### Assigned task
From the listing below, give again exactly the lines from the line with "نص مكتوب في" to the line with "高山优质老白茶福建特产 货源产地福鼎白茶饼350g茶叶低价批发", ends included, without any pictures.

### Given information

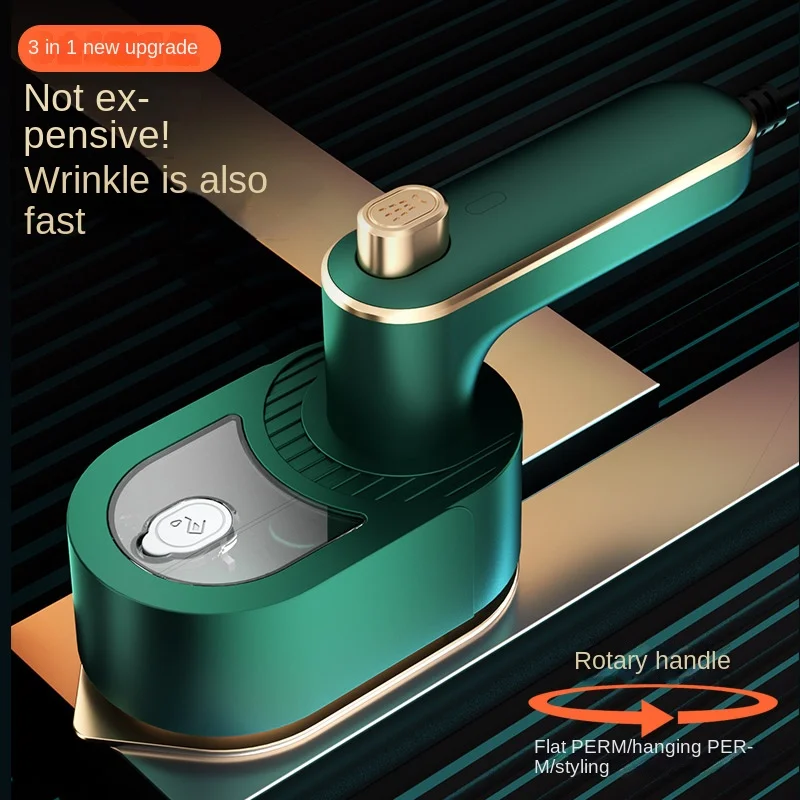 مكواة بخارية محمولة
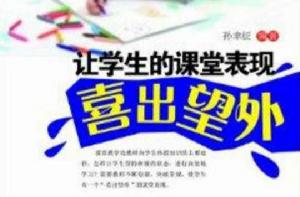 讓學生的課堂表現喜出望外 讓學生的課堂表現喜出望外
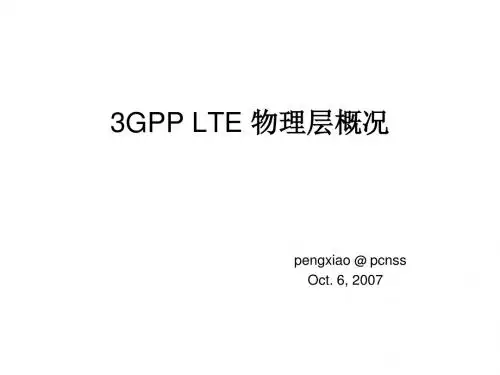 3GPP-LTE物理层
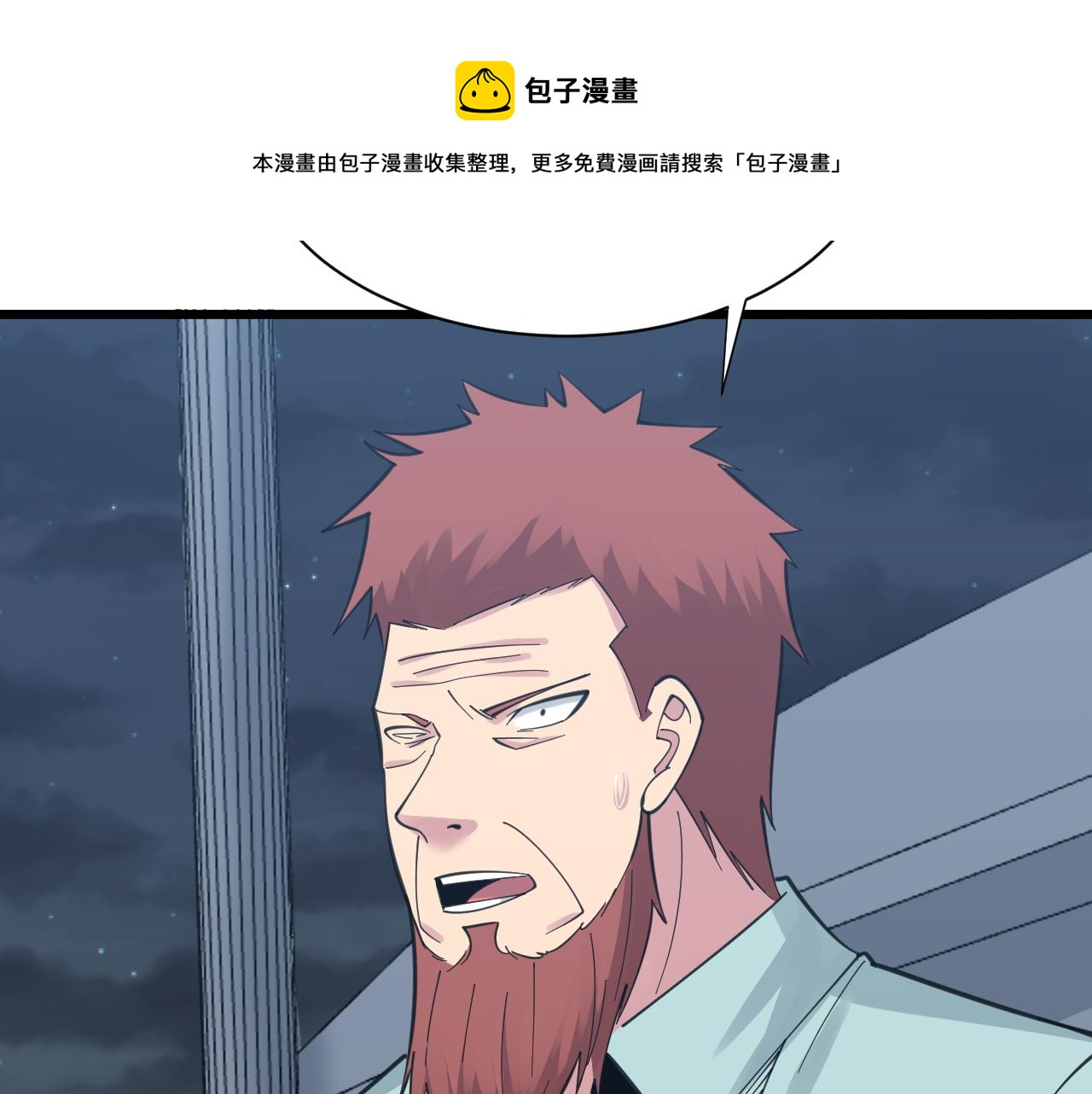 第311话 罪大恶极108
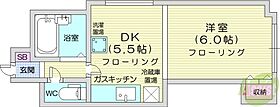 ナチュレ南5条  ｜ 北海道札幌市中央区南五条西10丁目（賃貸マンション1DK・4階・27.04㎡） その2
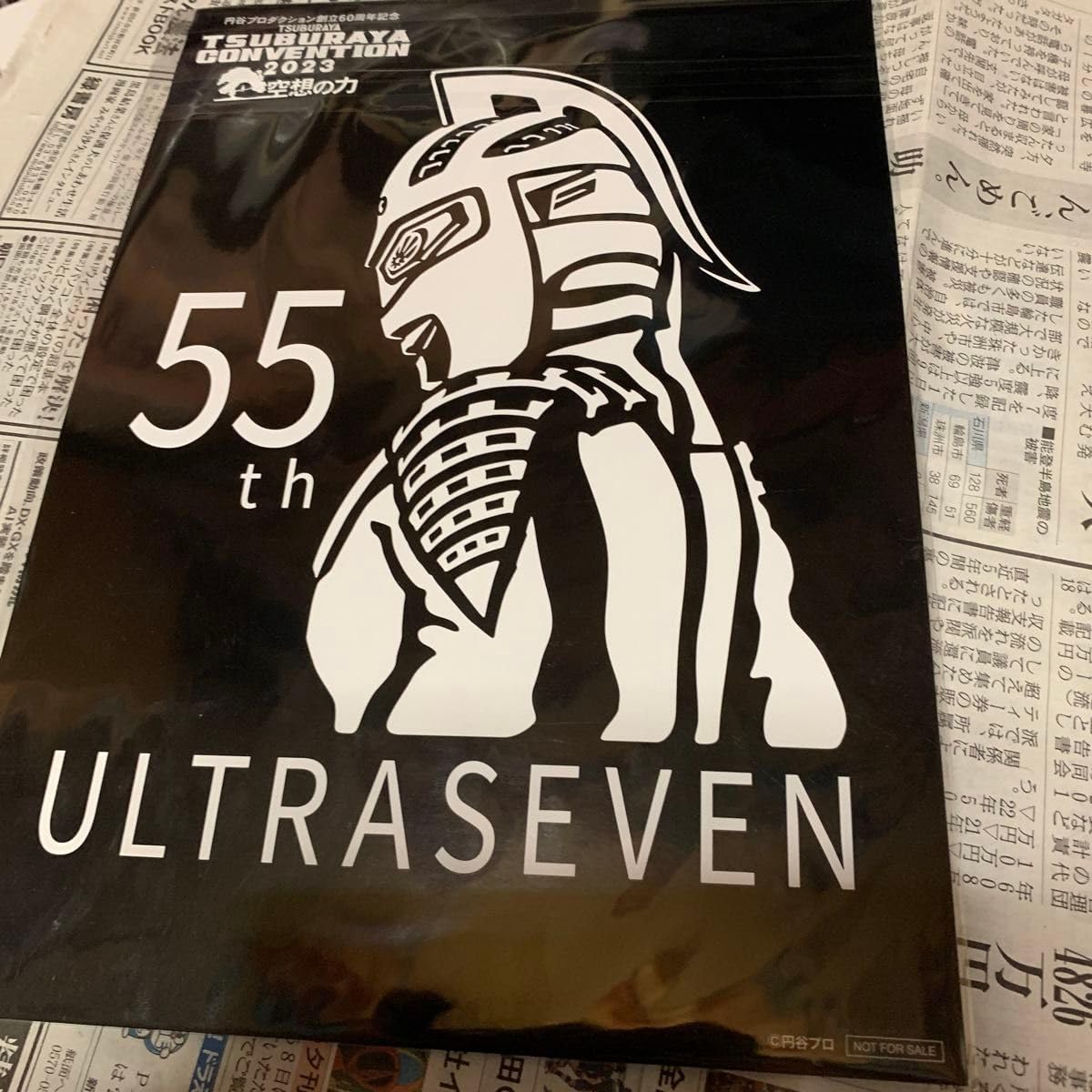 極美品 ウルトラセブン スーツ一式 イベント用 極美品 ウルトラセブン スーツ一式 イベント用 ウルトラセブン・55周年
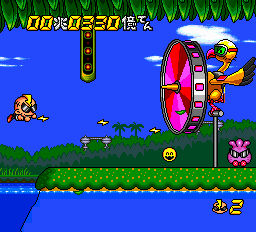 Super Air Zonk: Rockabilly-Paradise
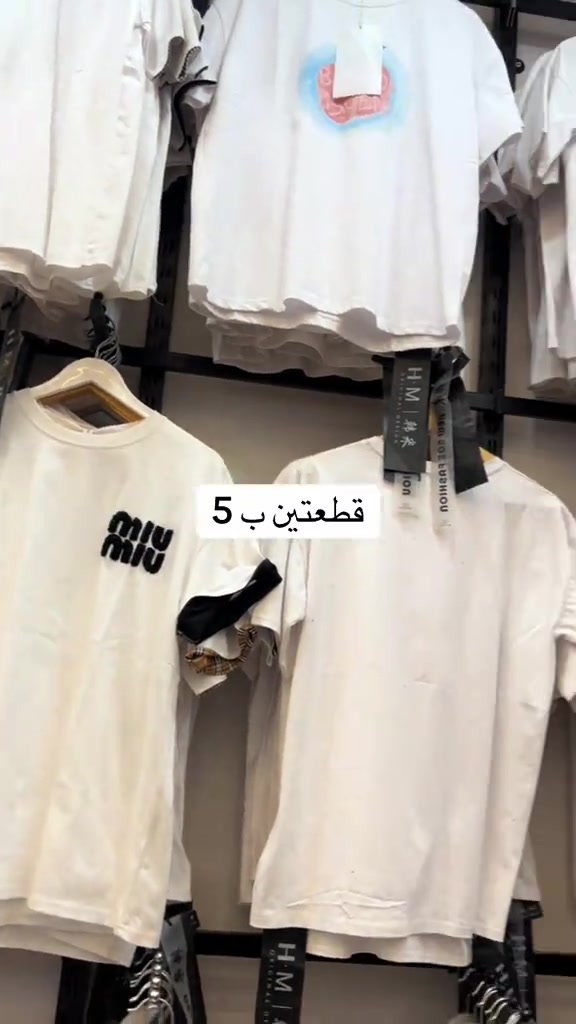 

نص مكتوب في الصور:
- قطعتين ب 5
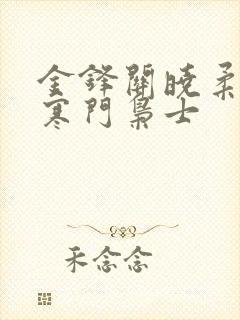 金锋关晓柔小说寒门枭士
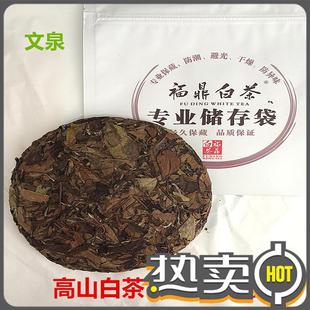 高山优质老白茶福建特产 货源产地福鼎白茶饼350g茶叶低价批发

==

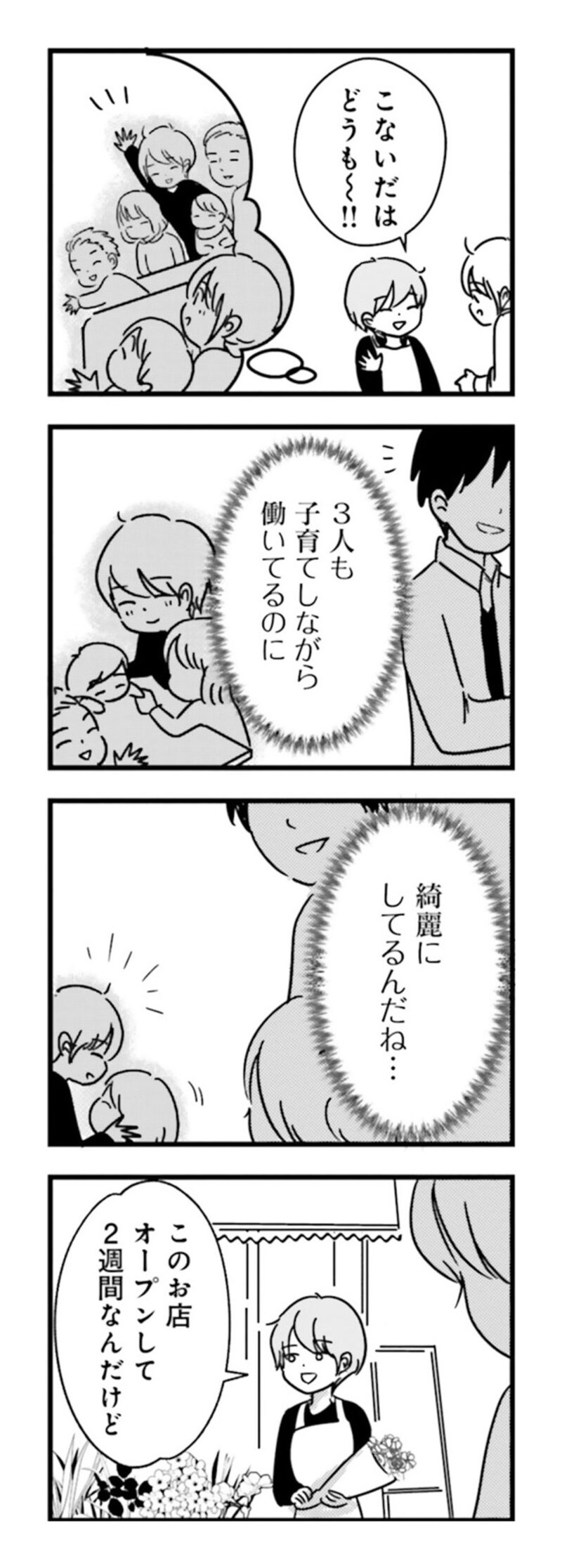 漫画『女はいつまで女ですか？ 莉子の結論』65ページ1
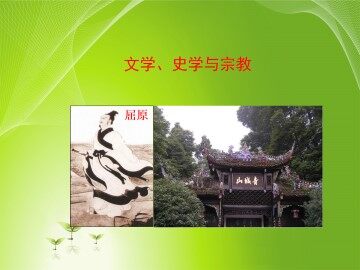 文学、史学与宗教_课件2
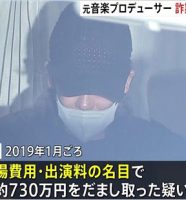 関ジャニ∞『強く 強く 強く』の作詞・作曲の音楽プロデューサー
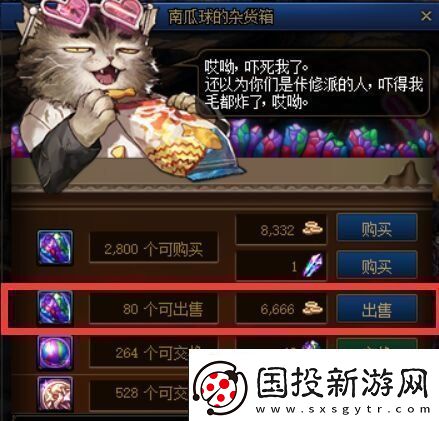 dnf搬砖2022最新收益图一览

### Reply to the exercise
نص مكتوب في الصور:
- قطعتين ب 5
 金锋关晓柔小说寒门枭士
 高山优质老白茶福建特产 货源产地福鼎白茶饼350g茶叶低价批发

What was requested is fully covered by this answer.